── Data block ──
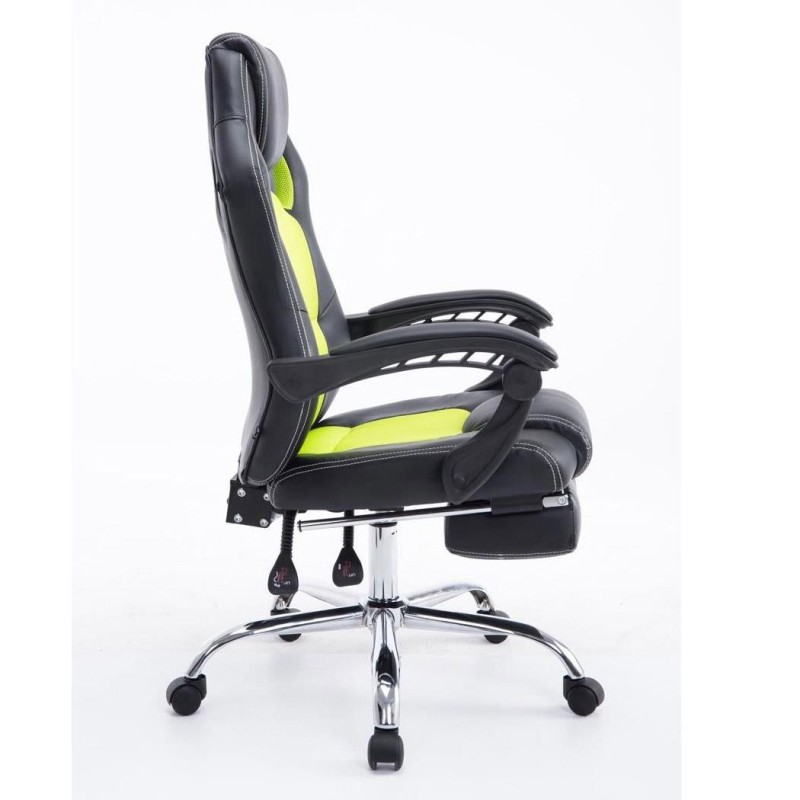 Sillón gaming SPRINT, con reposapiés extensible en malla color negro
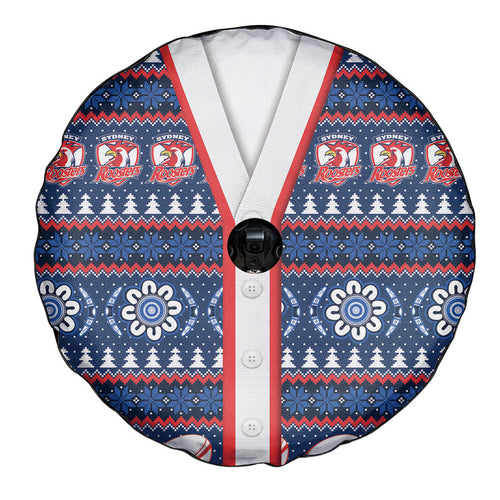 Roosters Rugby Christmas Spare Tire Cover Aboriginal Seamless Cardigan Inspired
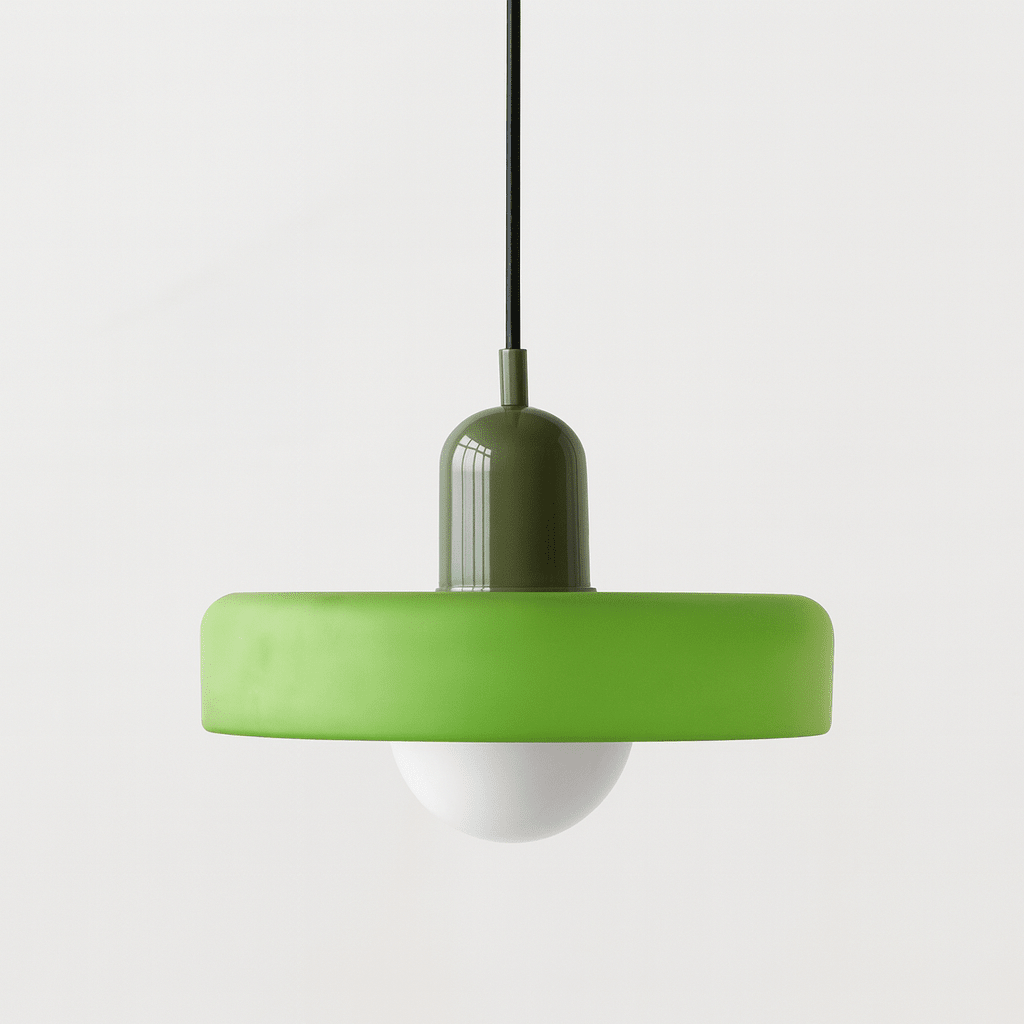 Pendellampe, lodret metalstamme, glasskærm, loftmonteret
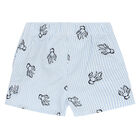 Younger Boys Blue & White Octopus Swim Shorts, 1, hi-res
───
Transcribe the listing in full and omit the pictures.

 Sillón gaming SPRINT, con reposapiés extensible en malla color negro
 Roosters Rugby Christmas Spare Tire Cover Aboriginal Seamless Cardigan Inspired
 Pendellampe, lodret metalstamme, glasskærm, loftmonteret
 Younger Boys Blue & White Octopus Swim Shorts, 1, hi-res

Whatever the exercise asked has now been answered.